In Streeter Middle School where I was forced to go as a child (after all nobody chooses to go to Middle School) there was a teacher nobody wanted to have. We called her “Big Bad Bood”. Her real name was Mrs. Boudreau and she owned the reputation of being four and a half feet of pure mean. She taught algebra.
I began having nightmares about her at the end of seventh grade which continued all through the summer right up until the time I started eighth grade in September. I dreamed about being hit with rulers because I couldn’t balance equations. I dreamed about being forced to inhale nose spray because I didn’t know the difference between positive and negative integers (I know weird :roll:).
Anyway September came and I met “Big Bad Bood”. She passed out our algebra books and warned us that we would have them covered by next class or face detention. She gave us homework that day and told us how to do it. She taught with no-nonsense and gave us clear direction about what she expected. She answered questions directly and told us “The only stupid question is the one you never ask”. I learned by the end of day one I had been frightened all summer of someone I actually liked! She was tough. She was a disciplinarian. But if you were willing to work you had nothing to fear.
I am finding as I enter mid-life that regret is a lot like Mrs. Boudreau. As a young man I never wanted to have regret just like I never wanted to have algebra. But I have found that regret is a part of life just like algebra is a part of eighth grade. You can’t get through life without it; That’s just part of being an imperfect human being.

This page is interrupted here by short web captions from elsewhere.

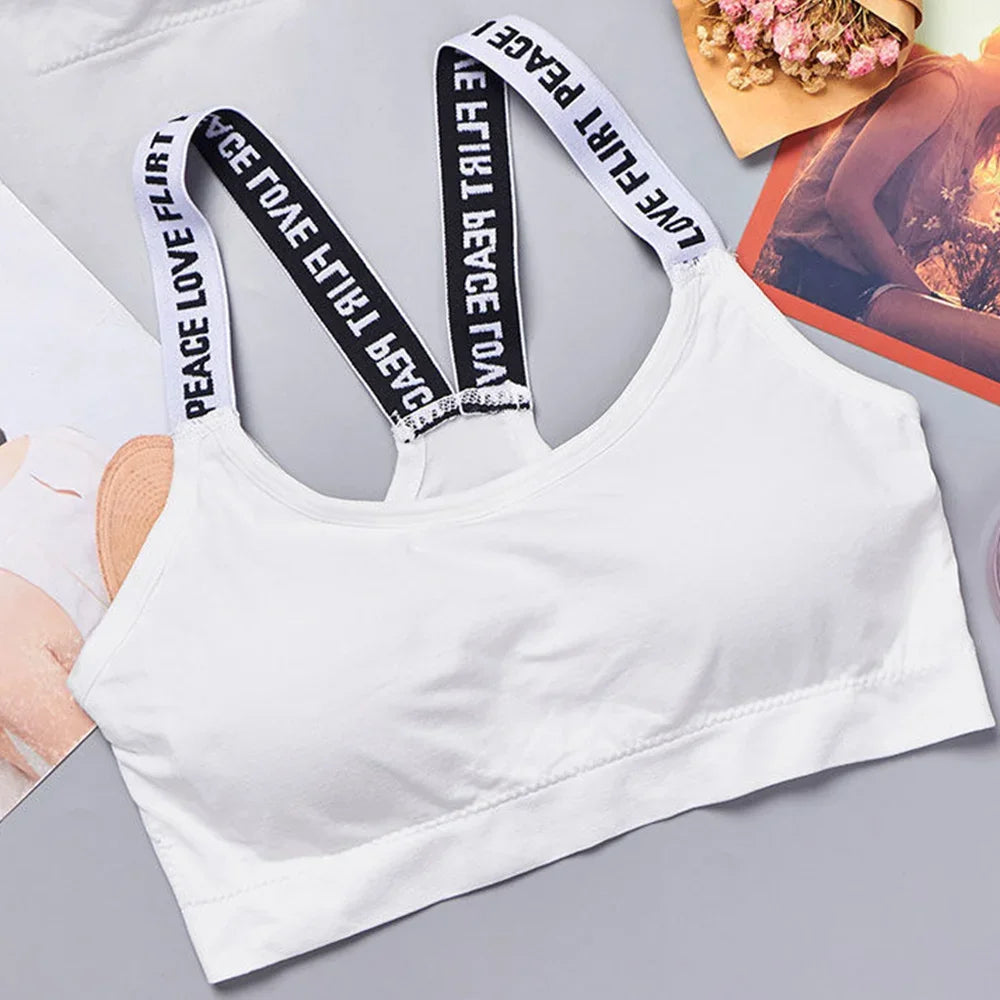 Roupa Íntima Esportiva Feminina, Top Cropped Sem Costura para Yoga e Fitness, Alças Largas com Letras, Confortável para Atividades Físicas, Sem Arame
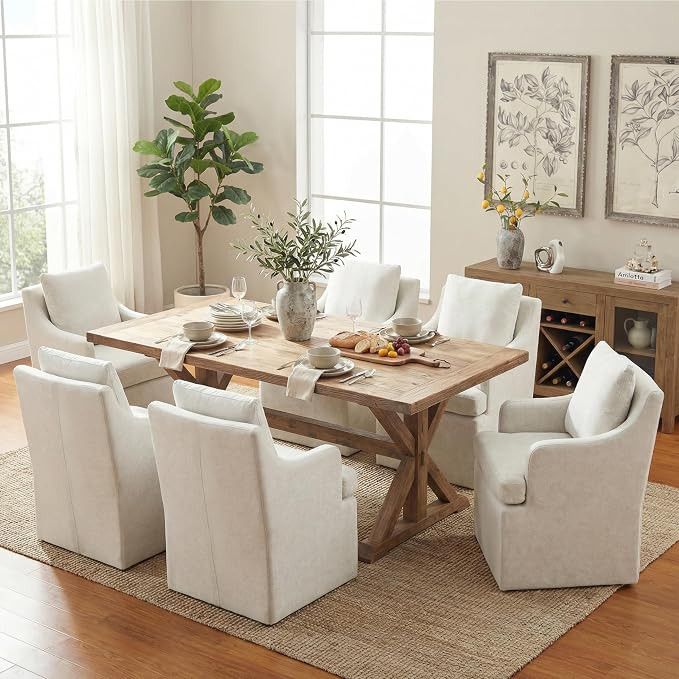VKNOW Upholstered Dining Chairs Set of 6, Dining Room Chairs with Casters | Amazon (US)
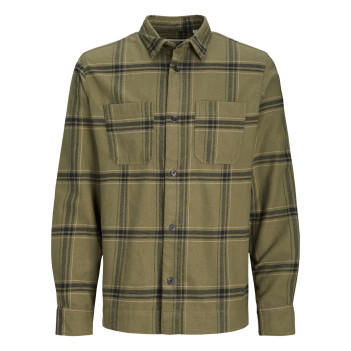 Chemise Grande Taille olive carreaux coupe regular col américain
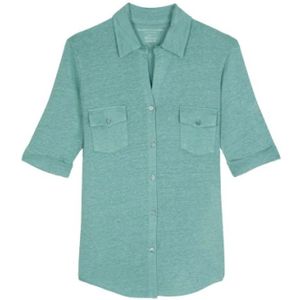 Majestic Filatures, Dames, Blouses & Shirts, Groen, Maat: 2XL Linnen,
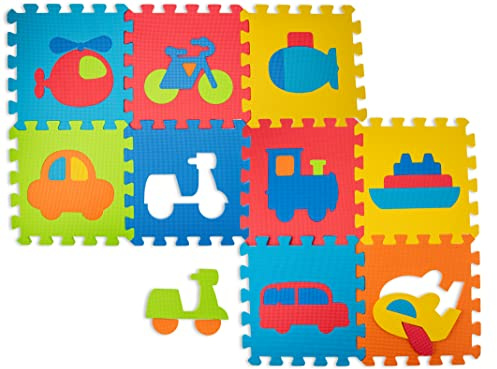 Teorema Giocattoli - Tappeto Puzzle Bambini con Veicoli Assortiti (9 Pezzi), Tappeto Gioco Bambini Morbido con Gomma EVA Atossica, Tappeto Neonato Educativo, Base Gioco Componibile 32x32cm
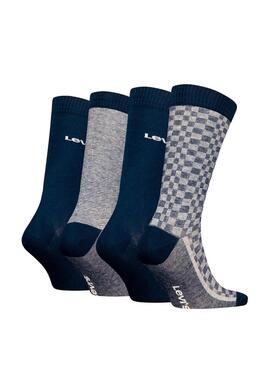 Boîte cadeau 4 chaussettes Levi's bleues et grises pour homme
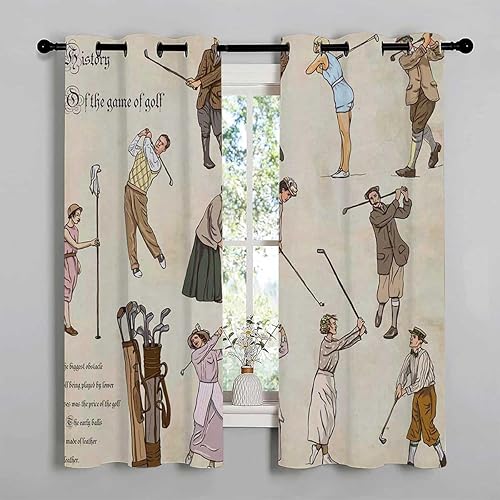 Miniatura 2 de Cortinas para Sala Elegantes Modernas - Cortinas cortas con ojales de pintura retro para dormitorio, armario, puerta, divisor, 63 pulgadas de ancho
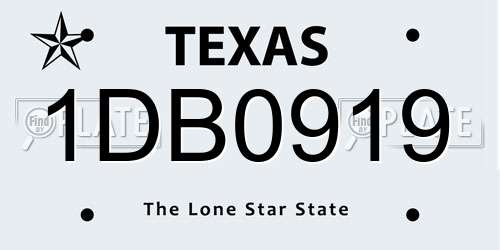 1DB0919 Texas License Plate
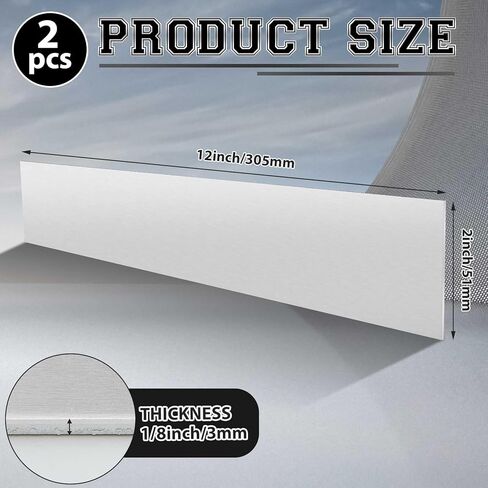 MorningRo 2 Pack 5052 Aluminum Sheet Metal 2" x 12" Aluminum Plate 1/8 (0.125'') Inch Thickness Rectangle Metal Panels for Industry Crafting Handcraft DIY Projects in Saudi Arabia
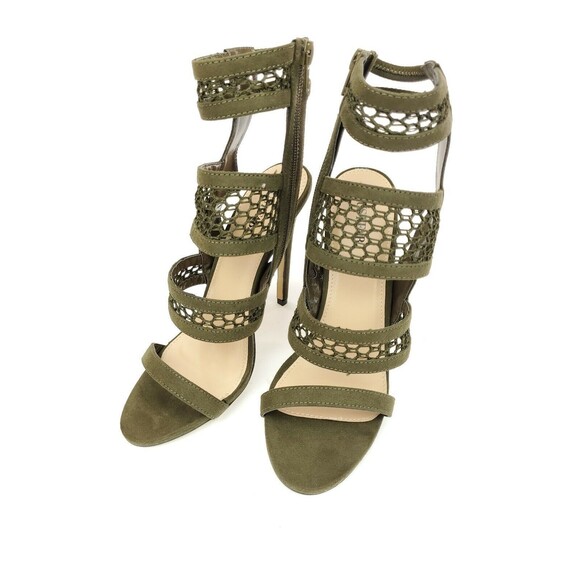 Justfab Lonne Olive Mesh Faux Suede Dress Sandals Size US 8 - Picture 3 of 9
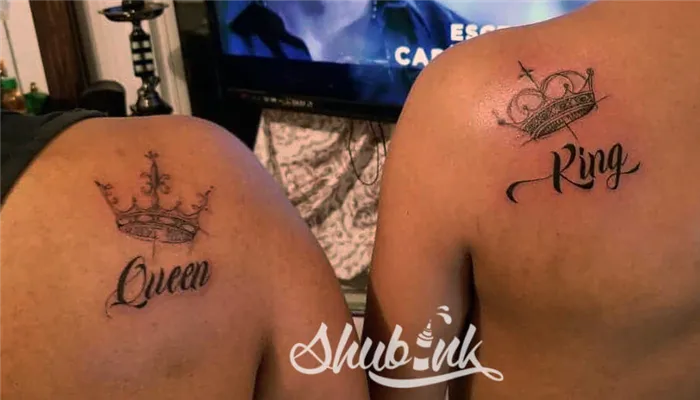 Queen king couple tattoo
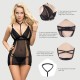 Elegant Lace Hanging Neck Perspective Sexy Babydoll - Μαύρο by Sexopolis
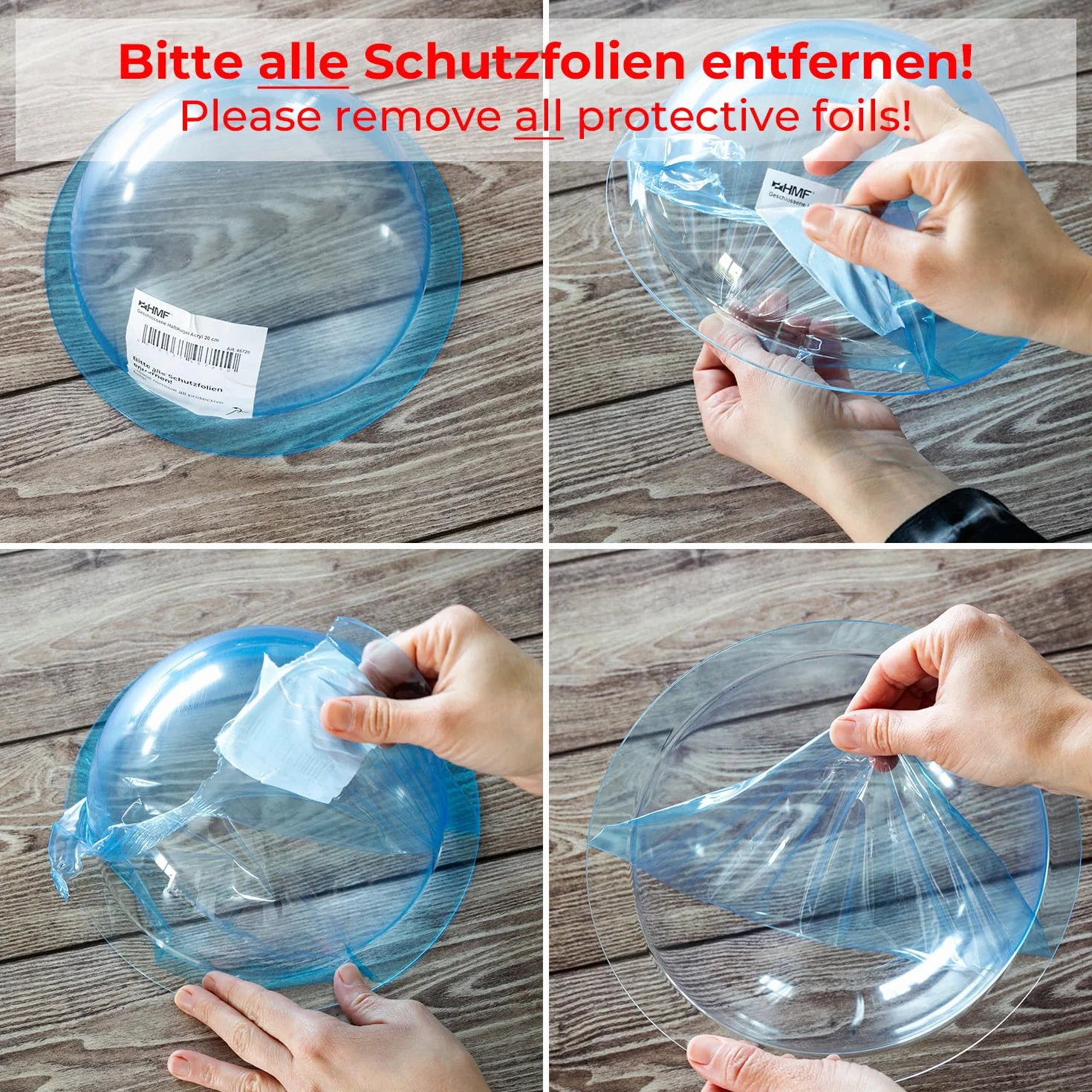 HMF Półkula akrylowa z kołnierzem, kopuła akrylowa DIY | Ø 20 cm | Przezroczysta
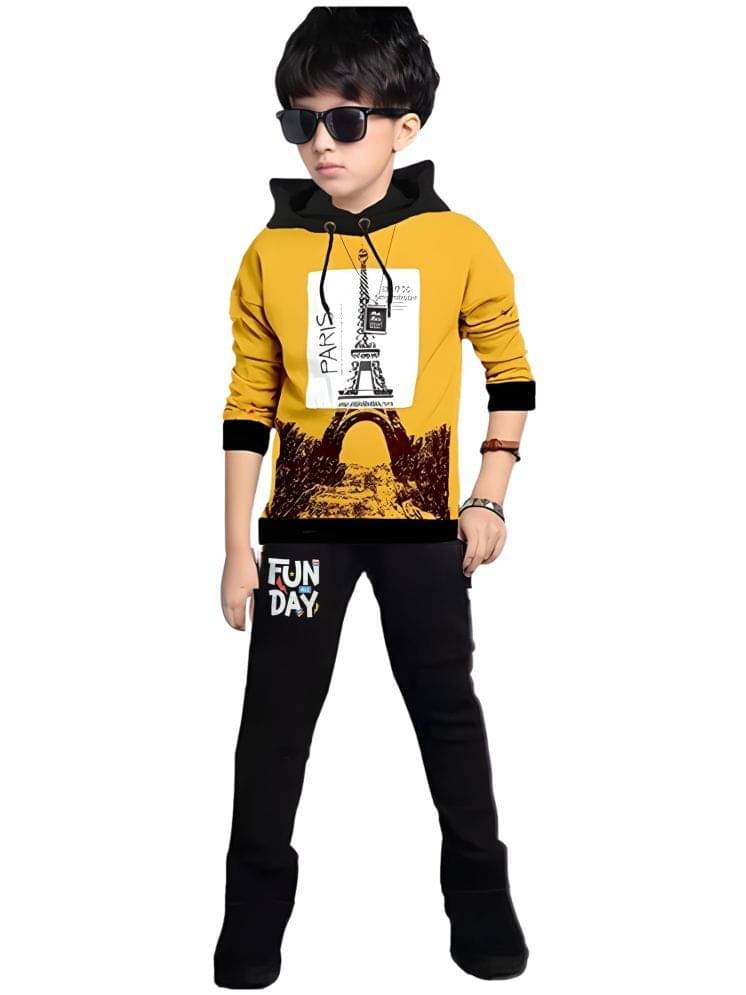     			ATLANS CLOTHES Pack of 1 Boys Cotton Blend T-Shirt & Trackpants Set ( Mustard )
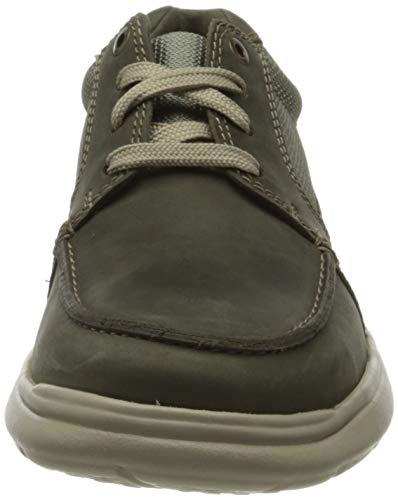 Clarks Cotrell Lane 261486527, Zapatos de Cordones Derby Hombre, Verde (Olive Combi Olive Combi), 43 EU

Regret is tough. Regret is a disciplinarian. Regret is a good school marm. It exists to teach us something. If we are willing to learn regret can become a friend rather than a foe. It’s when we sit and do nothing but curse our regret that she turns into four and a half feet of pure mean.
Listen, we’ve all got regret. It’s how much you resist her teachings that determines how much pain she is going to cause!
What is your regret trying to teach you?